Der Pfad führt nun steil wieder hinauf und stösst auf den Höhenwanderweg der schattigen Talseite. Hier laufe ich bald wieder auf einem Fahrsträsschen, das mich durch Wald und über Wiesen, an verschiedenen sorgfältig renovierten Häusern vorbei nach Valatscha und später nach Fontana führt. Das „Fontana“ so heisst, sehe ich erst auf der Karte. Denn das dominante Wahrzeichen und der Namensgeber, der hier alles bestimmt, ist hier das Schloss Tarasp. Die stolze Burg sitzt wie ein Adlerhorst über seine Vasallenweiler. Ein schönes Bild! Wie gerne erinnere ich mich an die spezielle Führung, die ich dort vor einigen Monaten erleben durfte. Der Senter Künstler Not Vital besitzt die Burg seit einigen Jahren und hat sie zu einer Attraktion gemacht. Die Kunstsammlung ist einzigartig, ein must go.
Während ich die letzte Steigung des Tages zum Lai Nair unter die Füsse nehme, bedeckt sich der Himmel zunehmend mit Wolken. Sie werfen spannende Schatten auf die Umgebung – faszinierend! Im kleinen See am Fuss des Schlosses schimmert die riesige Metallkugel von Not Vital. Lustig – aber nicht so schön, wie sich wenig später die Wolken im Lai Nair spiegeln!
Dieses grossartige Hochmoor habe ich im Ende Mai erstmals gesehen und ich wusste gleich, dass ich hierhin zurückkommen musste. Da es inzwischen schon nach Fünf ist, sind die meisten Besucher schon weg. Die schöne Bank am Seelein ist frei und so komme ich zu einer andächtigen Genusspause. Liongina und Zitronentörtchen sind längst verdaut, die Qual der Wahl zwischen Biberli und Knosper gewinnt der Letztere. Es ist ein guter Moment, in dieser Stille das Privileg des Lebens und Wanderns in der Schweiz zu huldigen. So schön!
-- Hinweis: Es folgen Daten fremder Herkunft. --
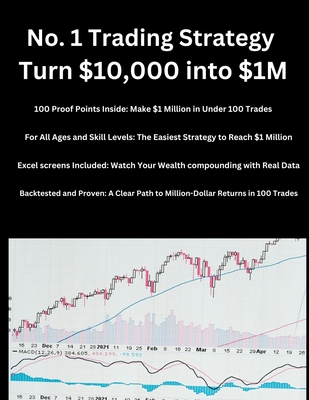 No. 1 Trading Strategy Turn $10,000 into $1M: Unlock the Power of Compounding: Backtested and Proven -No Experience Needed!-cover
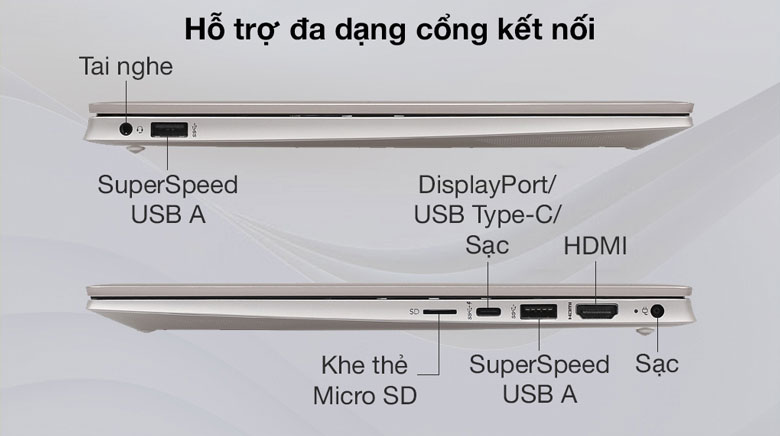 Cổng kết nối đa dạng - Laptop HP Pavilion 14-dv0520TU 46L92PA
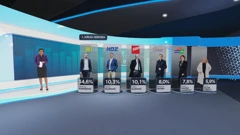 HRejting, Foto: HTV/HRT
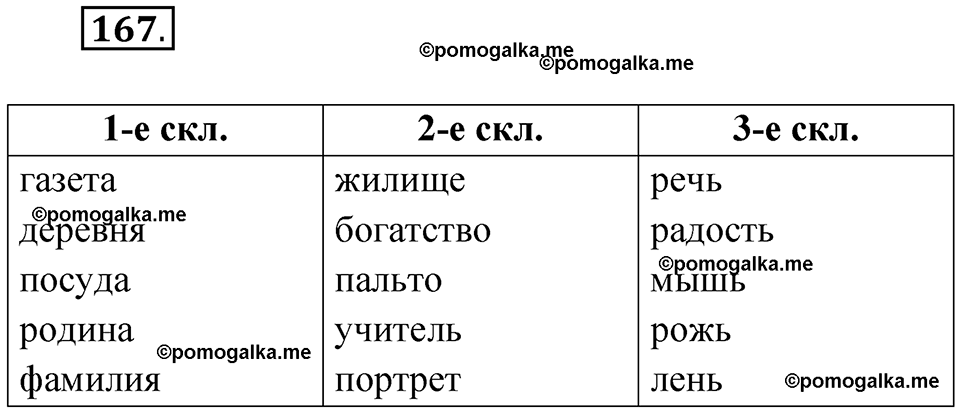 часть 1 страница 88 упражнение 167 русский язык 4 класс Рамзаева 2025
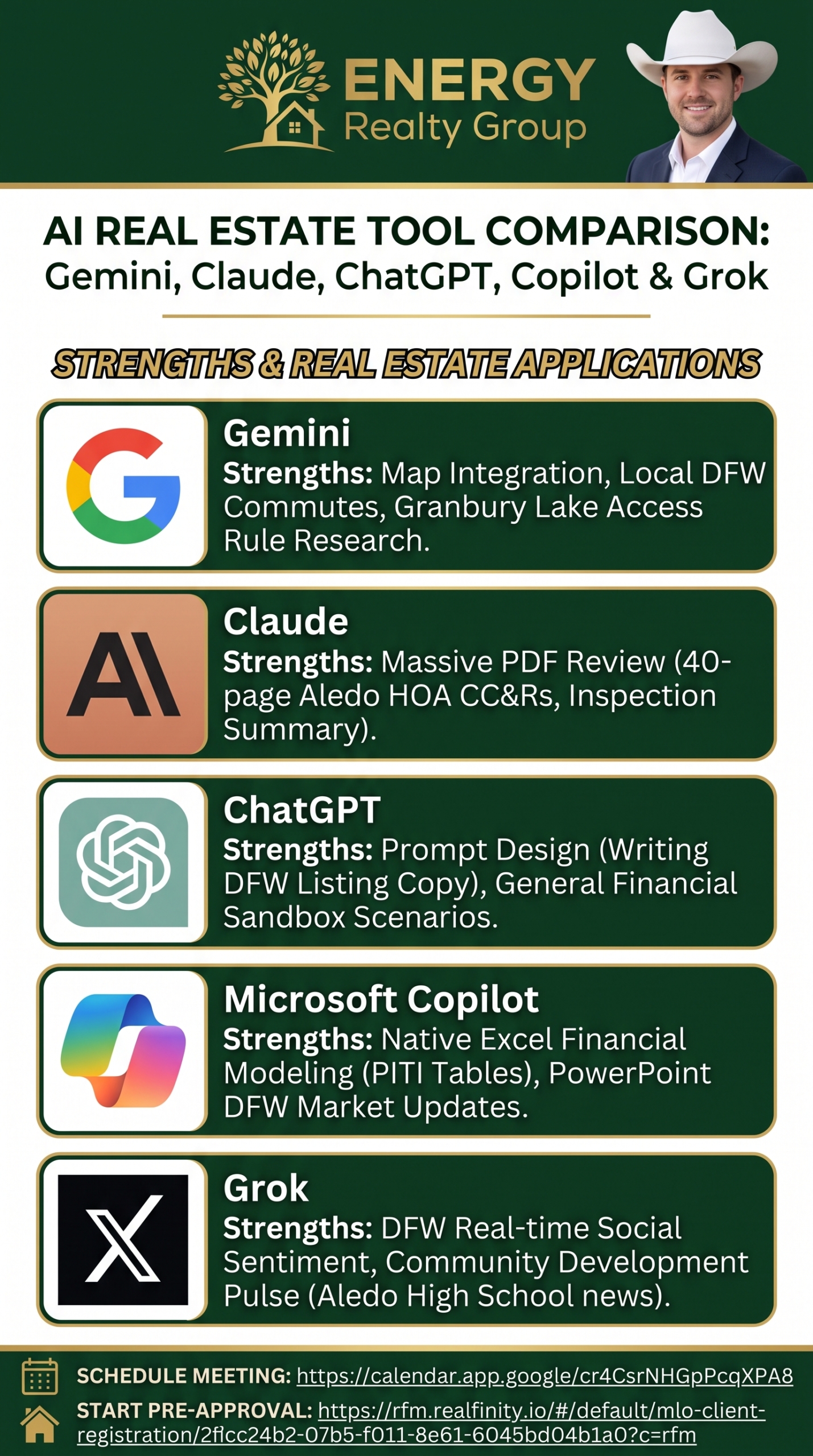 Infographic comparing strengths and DFW real estate use cases for Gemini, Claude, ChatGPT, Copilot, and Grok, by Energy Realty Group.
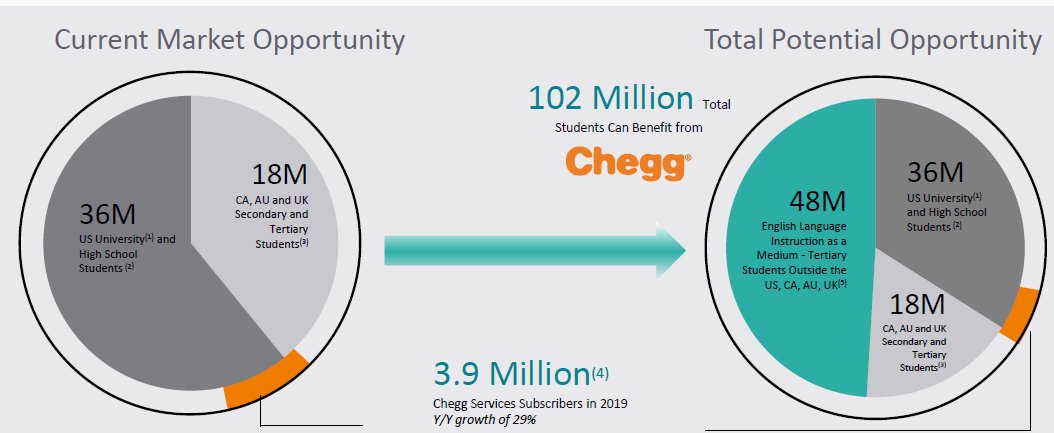 4/  $CHGG Market Industry: #1The TAM is clear for TAM. There are so much more students that can be reached by  $CHGG -- This has been accelerated as students spend more time on the computer. Chart outlines everything below outlines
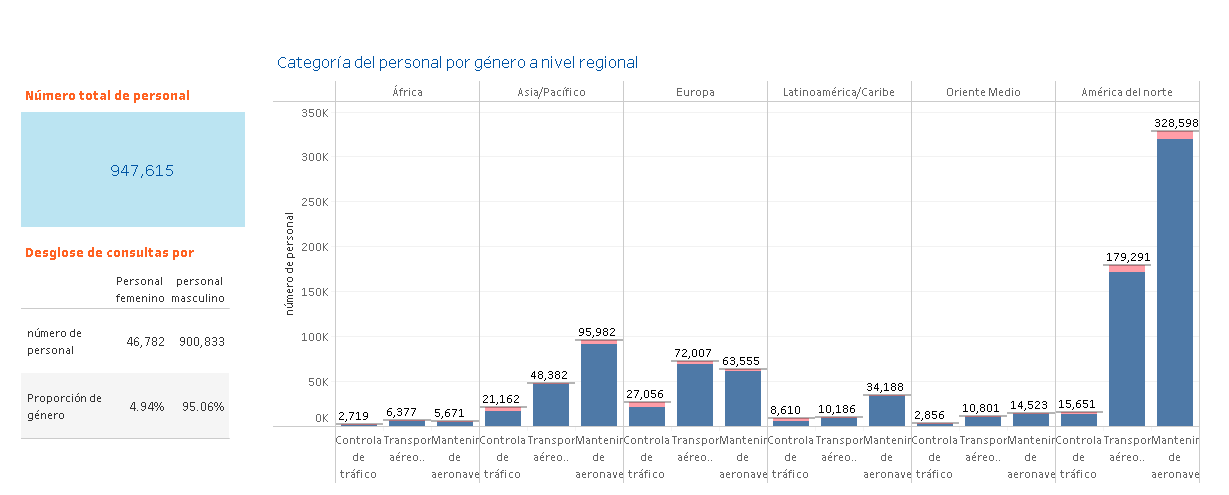 grafico del personal técnico a nivel mundial que trabaja en la aviación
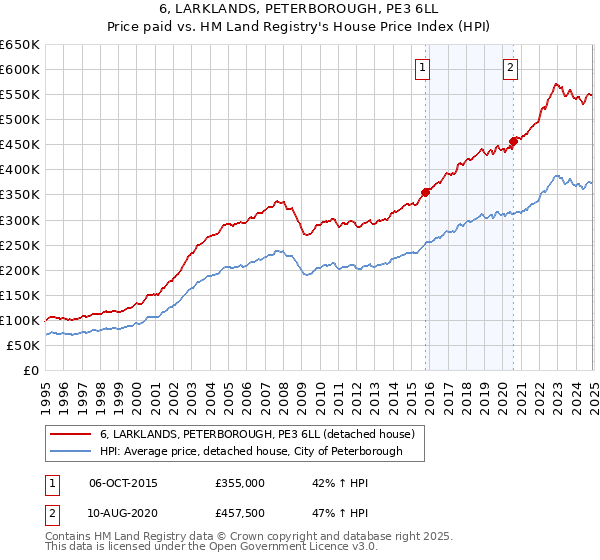 6, LARKLANDS, PETERBOROUGH, PE3 6LL: Price paid vs HM Land Registry's House Price Index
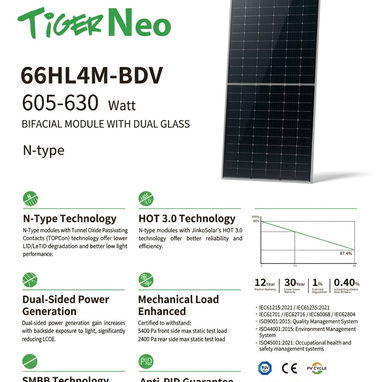 Se vende Contenedor de Paneles Solares JINKO 620W bifaciales para el 19 de agosto en 210 usd x unidad llamar o escribir - 2/2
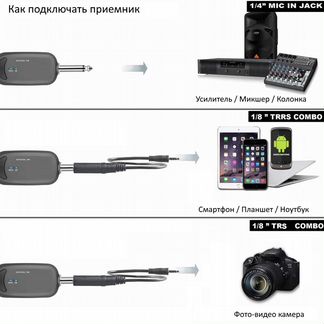 Радиосистема петличная Noir-Audio TG-220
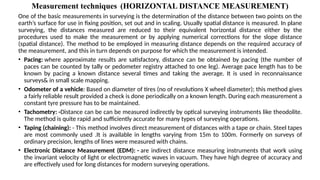 Horizontal Distance Measurement Methods Comprehensive Introduction to Surveying and Geomatics Techniques | PPTX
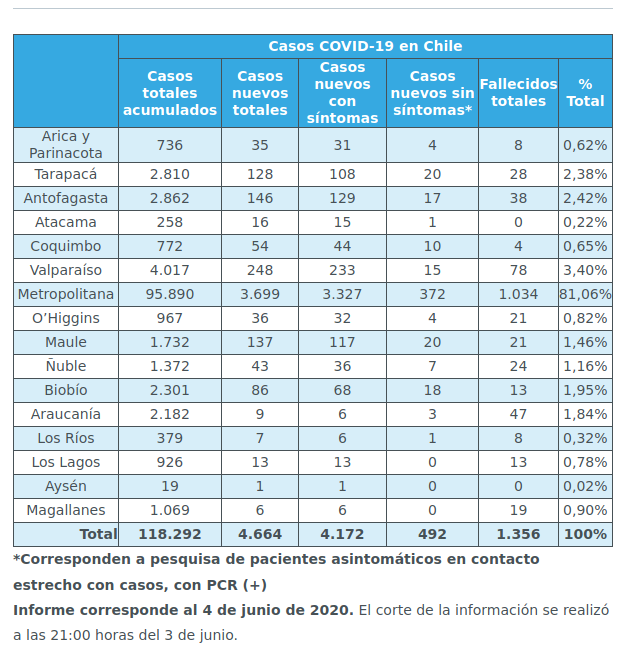 Cifras covid por región 4 de junio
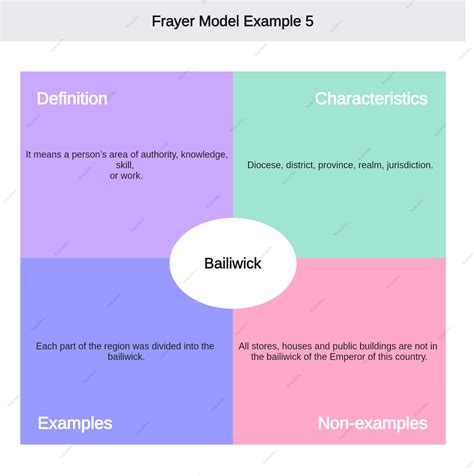 Everything about Frayer Model (Examples included)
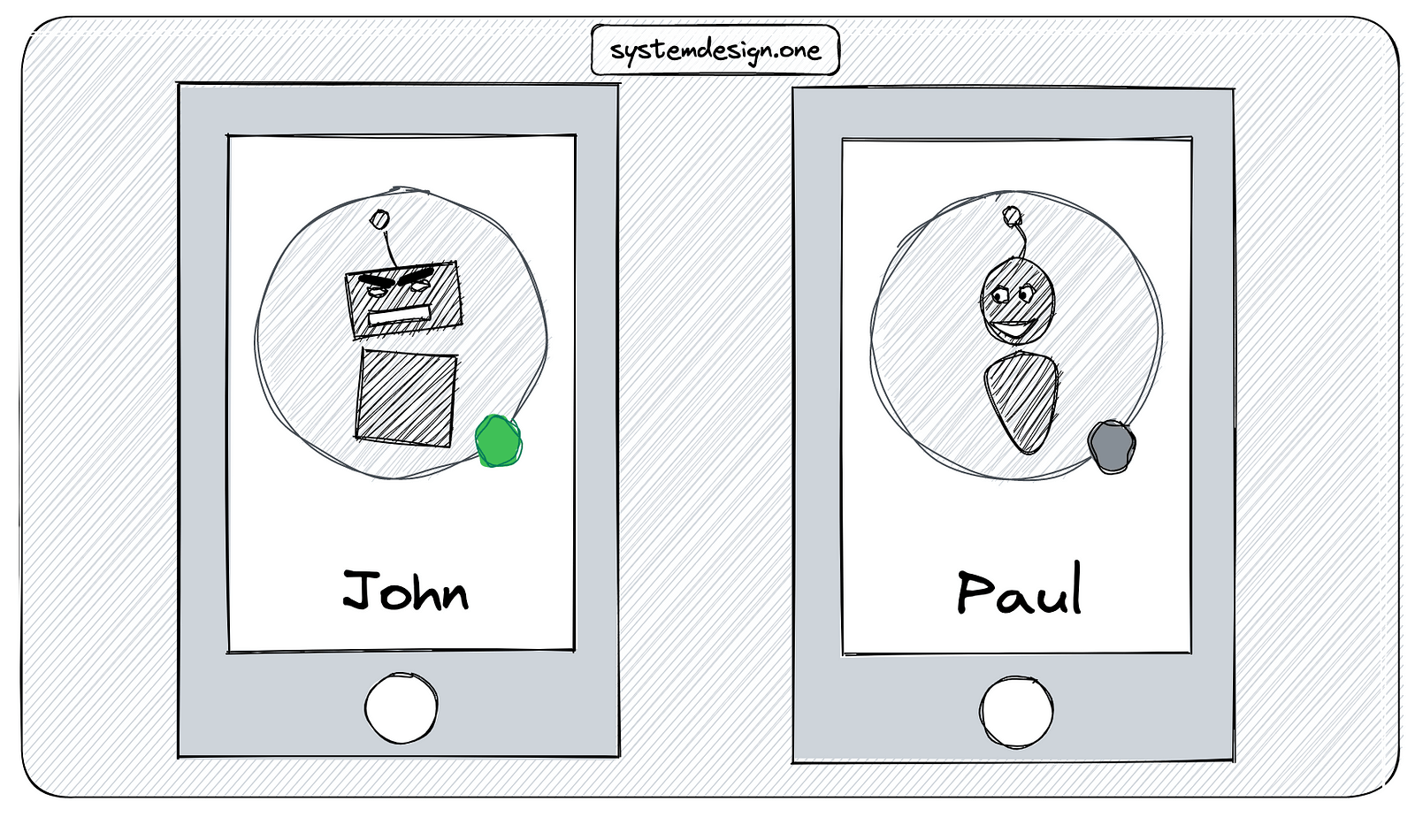 Figure 1: Online presence status; Offline presence status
Der Weg führt mich nun hinunter zum Apéro ins Beizli von Avrona. Danach steige ich durch den Wald zum etwas moribunden Vulpera ab (ein Elend, wie diese verlassenen Hotels und Sportanlagen vor sich hin vegetieren). Wenig später stehe ich auf der hohen, berühmten Stahlbrücke von Scuol. Nun ist es nicht mehr weit zu meinem „Basislager“ im Hotel Belvair, wo ich mir bald darauf im „Bogn Engiadina“ die Füsse kühle und die Muskeln entspanne.
Tourdatum: 1. September 2023
Sehr schön beschrieben, was auch ich häufig empfinde, wenn ich dort laufe. Bin sehr gespannt auf Deinen Bericht zum Piz Lischana! Leider haben Rüfenabgänge ihre Spuren hinterlassen. Auf bald!